Published: May 1, 2019

CU Boulder’s Strategic Facilities Visioning project team is getting set to compile and analyze the insights generated by each of six Phase 2 scenario planning teams over the past three months as the initiative moves closer to development of a digital planning tool for facilities and infrastructure.

The scenario planning teams wrapped up their final working sessions last week, developing and testing future facilities and infrastructure options in relation to a variety of identified university requirements centered around the ever-evolving landscape of education and research and informed by the campus’s multiple strategic initiatives.
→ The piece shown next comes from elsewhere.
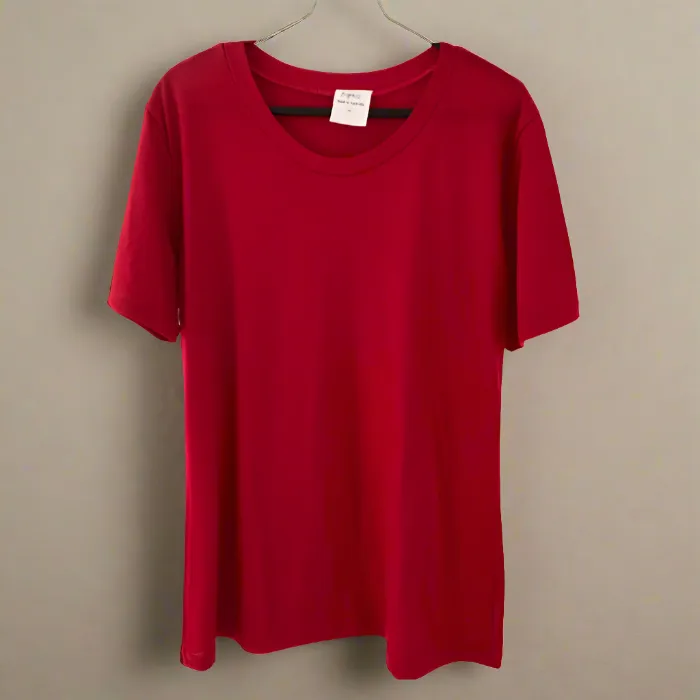 Women's Merino Short Sleeve T-shirt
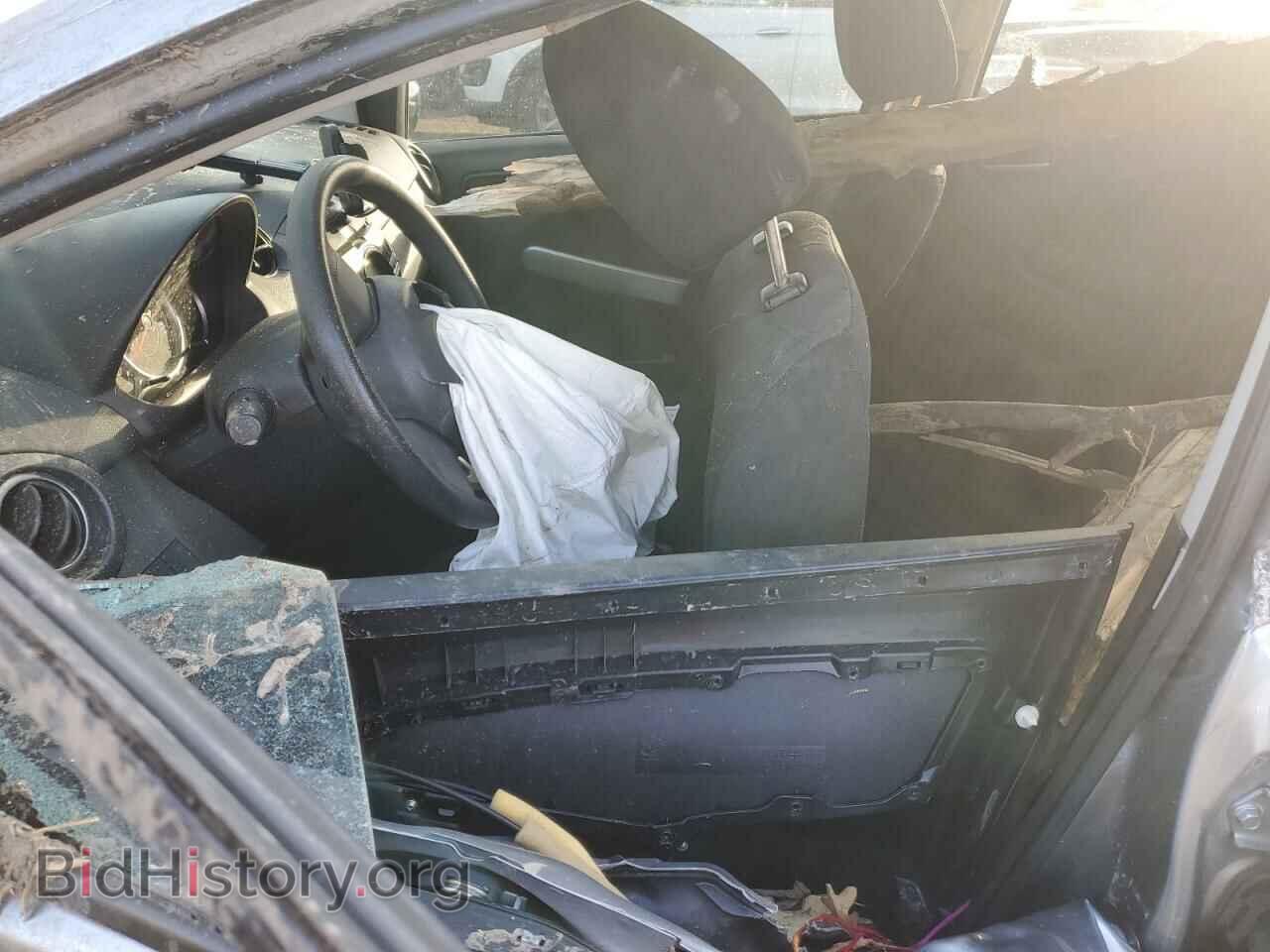 2014 MAZDA 2 - VIN: JM1DE1KY8E0174109 - Фото 7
Strategic Facilities Visioning (SFV), which aims to create a framework for facilities decision-making for the next 30 years, has engaged more than 130 “visionaries”—faculty, staff, students and shared governance representatives from every college, school, research institute and major support unit on campus—in the scenario planning phase. While the initial deep-dive phase last fall aimed to gain a holistic view of individual program visions, the scenario planning phase has built upon those insights by reshuffling visionaries into interdisciplinary teams to look at key common themes that arose.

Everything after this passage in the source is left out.